Also a surprisingly large proportion of asteroids have satellites and
some asteroids are essentially just rockpiles which would certainly
break up inside the Roche limit (for example Itokawa that was imaged by
the Hayabusa probe), so you would actually expect a fairly large
proportion of multiple impacts. Rieskessel + Steinheim is a very
probable case and Chicxulub has often been linked with Boltysh in
Ukraine which is about the same age.
However since the separation between the impactors would be fairly small
one would expect the impacts to be on the same side of the Earth,
certainly not antipodal. A cometary impact series could theoretically be
globally distributed since the comet could have broken up well before
hitting Earth, like Shoemaker-Levy did.
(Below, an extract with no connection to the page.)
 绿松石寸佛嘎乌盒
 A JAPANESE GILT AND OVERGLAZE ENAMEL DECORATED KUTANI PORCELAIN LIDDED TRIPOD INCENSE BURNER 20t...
However such events must be
quite rare, and analyses of the ejecta from Chicxulub indicates that it
was very likely an asteroid. 
If there are more than two impacts you would expect them to fall more or
less on a great circle. It has been suggested that Red Wing, Manicougan,
Saint Martin, Rochechouart and Obolon may be linked, since they are all
the same age within the measuring error (late Triassic) and fall on a
great circle with Triassic continental position.
Unfortunately there are other mechanisms that are expected to cause
temporal clustering of impacts. A star moving through the Oort cloud
would probably increase the number of comets many orders of magnitude
for a few million years, and a major collision event in the asteroid
belt (which are known to have happened) would have similar effect for
All this said I am personally very skeptical about the Shiva crater
(which incidentally was almost antipodal to Chicxulub).

Tommy Tyrberg

-----Ursprungligt meddelande-----
Från: owner-DINOSAUR@usc.edu [mailto:owner-DINOSAUR@usc.edu] För Graydon
Skickat: den 16 oktober 2009 00:07
Till: Mark Wildman
Kopia: paleovouga@gmail.com; dinosaur@usc.edu
Ämne: Re: Giant Impact Near India -- Not Mexico -- May Have

On Thu, Oct 15, 2009 at 10:54:57PM +0100, Mark Wildman  scripsit:
> Who would have thought it? Two giant asteroids hitting the planet at
> same time. What are the odds? 

Not that bad; asteroids do break up due to gravitational influence prior
to impact.

> And still more life forms were extinguished at the end of the Permian
> than at the end of the Cretaceous. Hmmm - the cynic in me regarding
> asteroid extinctions is getting a little more cynical every day......

Last I heard, the chronological correlation with the extinction and
bloody great hole in the Yucatan was pretty tight.  There's also the
point that asteroid impacts that happen to occur around the time there's
already major flood vulcanism going on seem to do more ecological
damage and produce extensive mass extinctions.